Rating:  Summary: Horrific expose of nazi culture Review: I have read many books on the Holocaust, but none was so gripping as this one. While the horror of individual death is tragic, the complete eradication of entire villages, towns and cities is beyond belief. The cold, callous treatment of the Jewish people should never be forgotten or denied, and this book helps maintain their memory. I would recommend this book for any serious student of history.
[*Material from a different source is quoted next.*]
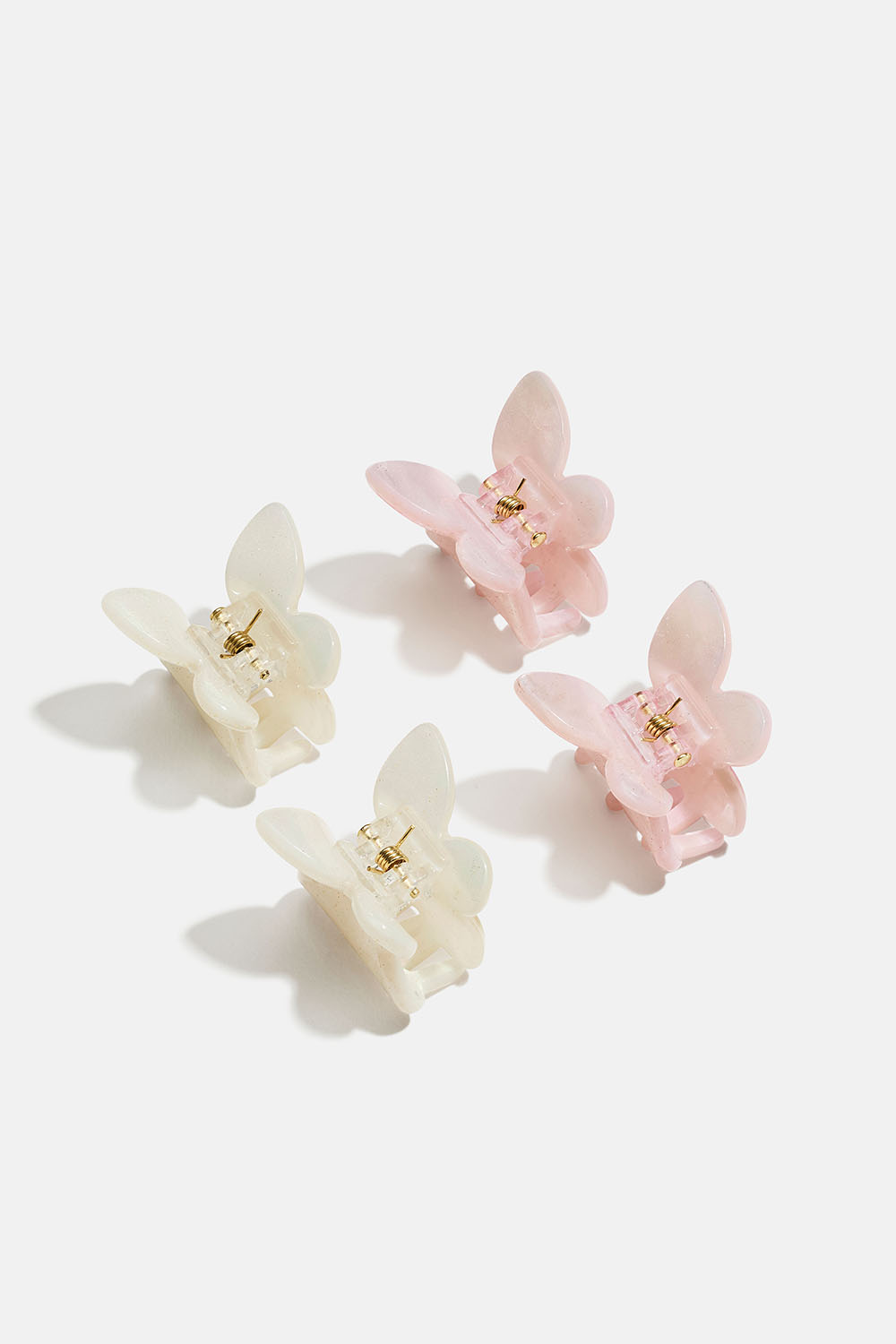 Små hårspænder med lyserøde og hvide sommerfugle, 4-pak i gruppen Håraccessories / Spænder & klemmer / Flerpak hos Glitter (331002085400)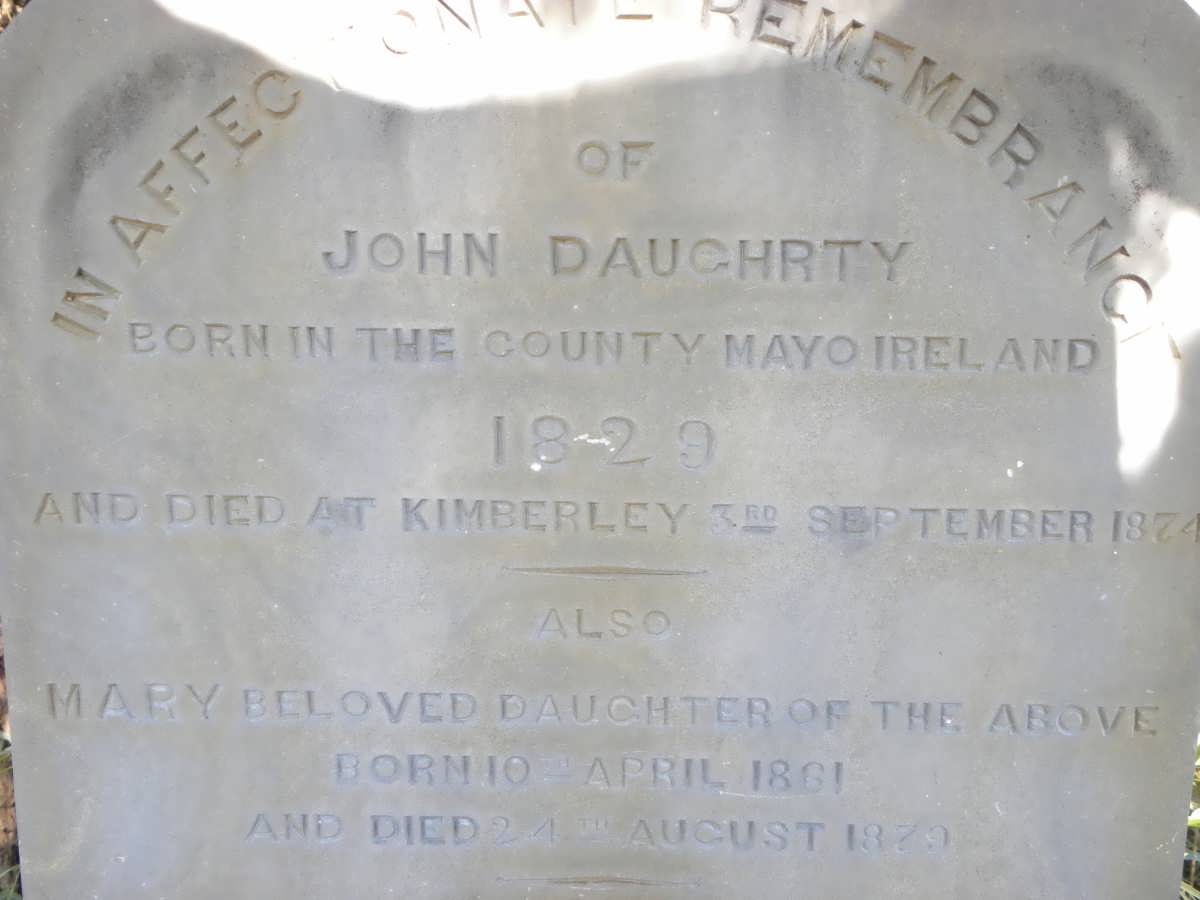DAUGHRTY John 1829-1874 :: DAUGHRTY Mary 1861-1979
Rating:  Summary: Understanding the Holocaust Review: Rhodes is one of my favorite writers of non-fiction. His book The Making of the Atomic Bomb remains the best book I have ever read on the subject. He has also written interesting books on disease and the psychology of murder. In fact, this book seems to have grown from his study of the work of Lonnie Athens, an American criminologist, who was the subject of Rhodes' last book, Why They Kill. Here Rhodes investigates the SS-Einsatzgruppen, the teams of killers in Hitler's Germany who would begin the slaughters that would become the Holocaust. When most of us think of the Holocaust, we think of death camps like Auschwitz, the gas chambers and crematoria. What most people forget is that the earliest killings were done by groups of SS-Einsatzgruppen in the field. Literally millions of people were simply murdered through beatings, firing squads and other "basic" methods long before the construction of the first death camps. It was the effect of this "face-to-face" slaughter on the morale and morals of the men who carried it out that would lead to the more industrial, impersonal methods of the death camps in later years. Rhodes reminds of something very important in this book: yes, the Holocaust was a horrible thing but it was conducted by human beings, not monsters. The Holocaust did not just suddenly appear as a particularly horrible idea. The development of the Holocaust was a process that can be traced and, possibly, understood. And Rhodes makes an excellent stab at trying to understand what happened. In the process, he examines the psychology of people like Heinrich Himmler and many of the other people who attempted to carry out the Final Solution. Plus, he gives a fresh look at an important part of history that gets swamped in our knowledge of the Holocaust. It is well worth the read.